Aus diesen Erscheinungsweisen entstand das ursprüngliche sūtra, zusammen mit dem mahat-tattva. Durch die Transformation des mahat-tattva entstand das falsche Ego, die Ursache für die Verwirrung der Lebewesen.“ (Srimad Bhagavatam, 11. Canto, Vers  24.6)

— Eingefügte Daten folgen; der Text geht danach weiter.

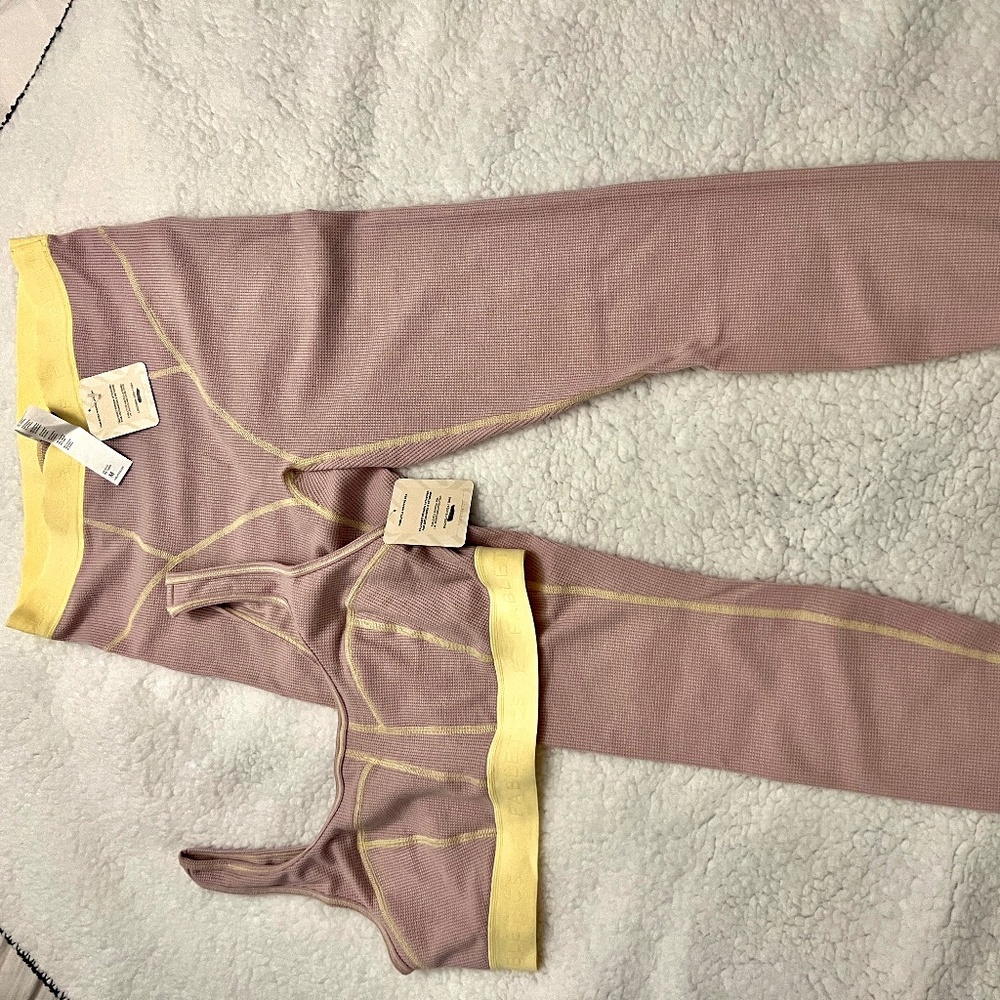 NWT Fabletics Waffle Set in Mauve/Butter (Top and Bottom)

Zunächst noch einmal zum besseren Verständnis von „spirituell“ und „materiell“: Eine Geschichte in einem Buch oder einem Film ist auch dann noch existent, wenn das Buch vernichtet oder der Film irgendwo verlegt worden sind. Die materiellen „Datenträger“ wurden einmal erzeugt, unterliegen einem ständigen Wandel und werden letztlich irgendwie zerstört – die Geschichte jedoch ist damit immer noch nicht verloren, sondern weiterhin existent und ewig. Materie kann man im Außen mit den Sinnen erfassen bzw. wahrnehmen, Spiritualität jedoch findet man nur im Inneren und ist materiell nicht fass- und erklärbar …

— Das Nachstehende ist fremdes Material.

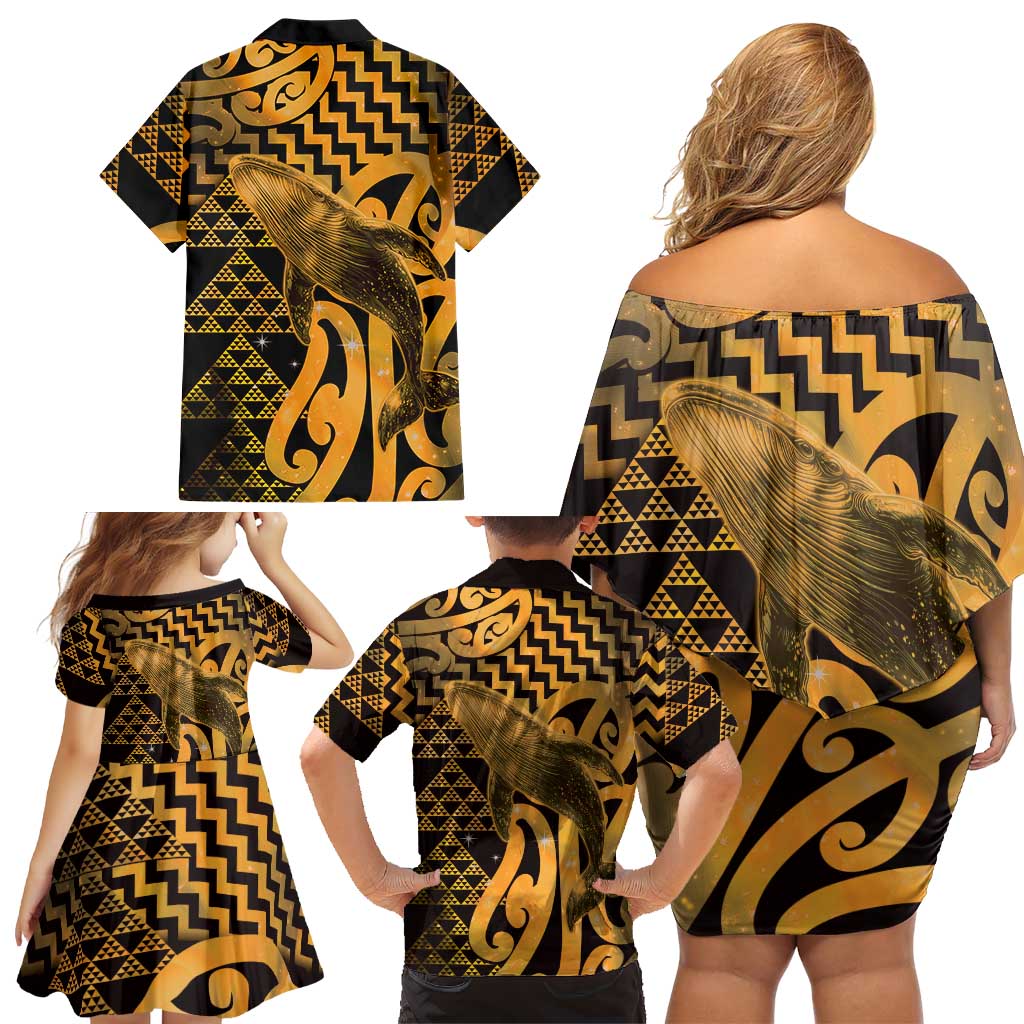 Humpback Whale Matariki New Zealand Family Matching Off Shoulder Short Dress and Hawaiian Shirt NZ Maori Paikea Poutama Luxury Gold LT14 - Polynesian Pride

Damit wieder zurück zum Thema: Nach den VEDEN geht die universelle Schöpfung also von einem einzigen, ausschließlich spirituellen, allmächtigen und allwissenden Lebewesen aus, das wir als Gott bzw. Krishna (Sanskrit: „Der All-Anziehende“) bezeichnen. Er vermag auf Grund seiner uneingeschränkten Möglichkeiten aus seiner spirituellen Form heraus um sich herum Energie (Brahman) abzustrahlen, so wie wir es auch von der Sonne kennen, und er kann diese Energie auch wieder in sich zurückziehen. Diese energetischen Abstrahlungen bestehen aus zwei völlig verschiedenen Substanzen, nämlich aus der Gesamtheit der spirituellen Funken (Jivas) und der Gesamtheit der materiellen Ursubstanz (Pradana), womit im o.a. Sinne also die Seher bzw. Genießer als Subjekte einerseits und die von ihnen gesehenen bzw. genossenen Objekte anderseits gemeint sind.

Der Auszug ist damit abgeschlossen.